Choose a tag to compare

This release delivers a significant breakthrough in the accuracy of memory and performance estimation for large models. It also introduces several major features to enhance model compatibility, flexibility, and user experience.

Highlights

  • Dramatically Improved Estimation Accuracy:
    • Memory Estimation: Expanded test coverage for both Dense and MoE models.
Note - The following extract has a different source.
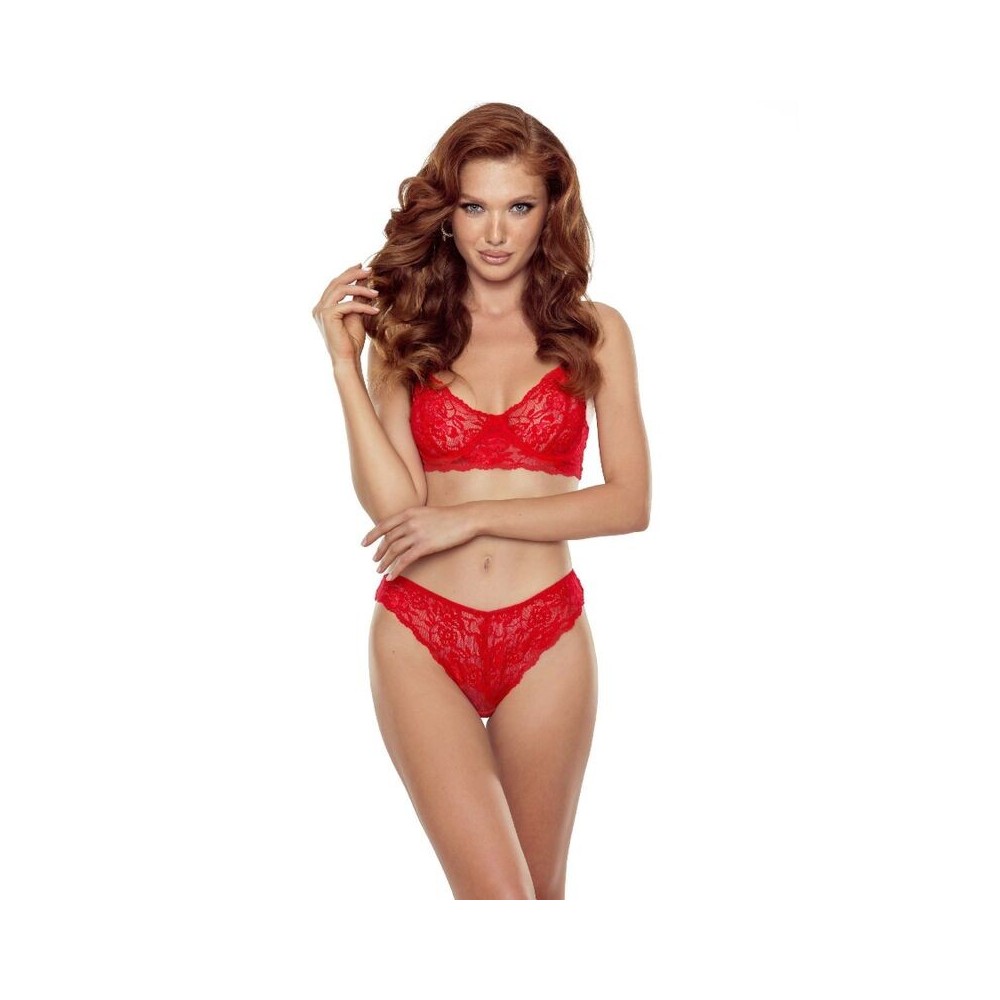 PASSION - DENELIA SET THONG + BRA RED S/M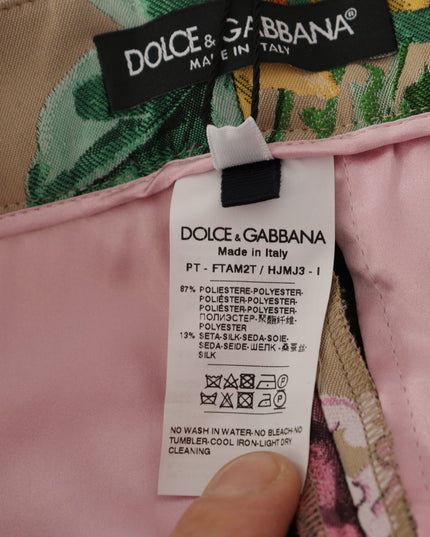 Dolce & Gabbana Beige Floral Dress Formal High Waist Pants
Memory estimation error is now consistently controlled within 1%.
    • Performance Estimation:
      • On NVIDIA A100-PCIE, performance estimation error is consistently below 3%.

New Features & Enhancements

  • MLA Support:
    • Introduced support for the MLA model architecture
  • Enhanced Layer Specification:
    • Added granular control for defining first-stage and last-stage layers in pipeline parallelism, allowing for more optimized model partitioning.
  • Advanced MoE Customization:
    • Support for customizable dense layers in Mixture-of-Experts (MoE) models, providing greater flexibility in model design.
  • Megatron Compatibility Layer:
    • Launched a simplified model migration pipeline for effortless conversion and analysis of models built with NVIDIA's Megatron framework.
  • Optimized Recomputation Strategy:
    • Implemented finer-grained selective recompute, enabling more precise control over the memory-for-computation trade-off to optimize for larger model sizes or higher throughput.
  • Comprehensive Efficiency Analysis:
    • New capability to measure and analyze efficiency and utilization across various tensor shapes and memory layouts.

Bug Fixes

  • Fixed an incorrect token numbers calculation when etp > 1.
  • Corrected the FLOPs or memory access (e.g., HBM access volume) calculation for several operators.
  • Resolved inaccuracies in the estimated communication volume and associated data types.